With a few exceptions that rarely come up in practice, the SimpleRangeAnalysis library is sound: values can never be outside the range that it reports. We have a couple of queries, most notably cpp/constant-comparison, where the lack of soundness translates directly into false positives. Maintaining soundness as well as performance requires extensive testing on both hand-written cases and real-world code. The worst-performing databases are often crypto libraries or image decoding libraries, where macros are used to unroll repetitive code into enormous expressions.

While I'd like to accept most of your contributions into SimpleRangeAnalysis, each one of them will require that extensive testing, review, and possibly reimplementation. We won't always have the resources to do that, and so I'm discussing with @lcartey how we can create a staging area for your contributions so they can get merged into there without waiting for us to validate every corner case.

Overall, we'd like to add support for languages features when the performance overhead of that support is proportional to the use of that language feature in a code base. Most of what you're proposing falls into that category: binary operators on unsigned values, std::min and std::max, container ranges, and possibly "Handling basic guards". The main friction here is that our existing queries are working well without this support, so it's hard for me to prioritise the work that must go into testing.

Some of the other features you're proposing will inevitably make range analysis too slow to be feasible on certain codebases. That includes signed multiplication, signed division, and interprocedural analysis. The Achilles heel of SimpleRangeAnalysis is how loops lead to an explosion in the number of intermediate bounds, and this explosion is made worse when a signed operation produces four different bounds. When many signed operations are chained, it can lead a combinatorial explosion.

In the near term, I propose that I'll create a experimental.semmle.code.cpp.ExtendedRangeAnalysis module that imports SimpleRangeAnalysis along with those of your extension modules that you think are ready. Because it's in the experimental directory, we can evolve the library without maintaining strict backwards compatibility. Over time, some of the extension modules can migrate from the experimental libraries into the core of SimpleRangeAnalysis. This can be driven by you or by us, but it requires writing tests and measuring performance.

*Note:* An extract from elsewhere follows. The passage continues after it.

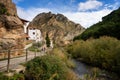 Scenic view of Arnedillo village with Cidacos river Royalty Free Stock Photo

In the long term, I hope we can improve the IR-based range analysis so much that it can become the default range analysis. There are still many unknowns in this endeavour, but the IR-based range analysis has two core advantages: loops don't lead to an explosion of (inexact) bounds, and ranges can be determined relative to other variables (x < y) rather than just constants (x < 10).

[jbj]

Sidenote: I'm wondering if we could support implementing only the operator and having the assignment version of that operator share that same implementation.

That'll come for free in the IR range analysis and all other IR-based libraries. In the IR, all of +, += and prefix/postfix ++ all get translated to an AddInstruction surrounded by various loads and stores.

[gsingh93]

Thanks for the response! I think creating an experimental.semmle.code.cpp.ExtendedRangeAnalysis module is fine for now. I'd be happy to submit proper pull requests with the extension modules and tests that could then go through review. I don't think I'm comfortable enough with QL to modify and test the core range analysis library, so I'm happy enough with this compromise for now until someone can get the non-performance intensive modules integrated properly.

[jbj]

I've opened #4332 to create ExtendedRangeAnalysis.

[jbj]

Now that #4332 is merged, we're open for PRs that add new modules to be imported into it. I've made an example module as part of #4332, to show where tests should go.

[jbj]

I'll close this issue and let further work happen in separate per-feature issues and PRs. @gsingh93, I invite you to submit PRs that create extension modules and import them from ExtendedRangeAnalysis.qll.